▶ _Excerpted records_
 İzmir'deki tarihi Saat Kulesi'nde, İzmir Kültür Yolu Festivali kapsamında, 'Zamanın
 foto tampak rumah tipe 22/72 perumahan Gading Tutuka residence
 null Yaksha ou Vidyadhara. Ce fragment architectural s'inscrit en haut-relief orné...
--
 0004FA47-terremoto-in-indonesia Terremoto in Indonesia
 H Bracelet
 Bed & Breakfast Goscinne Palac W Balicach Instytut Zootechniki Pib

▶ _Exercise goal_
Once you find the line with "İzmir'deki tarihi Saat" in the entries above, output it and each line after it up to and including the line with "null Yaksha ou", and nothing else.

▶ _Expected output_
 İzmir'deki tarihi Saat Kulesi'nde, İzmir Kültür Yolu Festivali kapsamında, 'Zamanın
 foto tampak rumah tipe 22/72 perumahan Gading Tutuka residence
 null Yaksha ou Vidyadhara. Ce fragment architectural s'inscrit en haut-relief orné...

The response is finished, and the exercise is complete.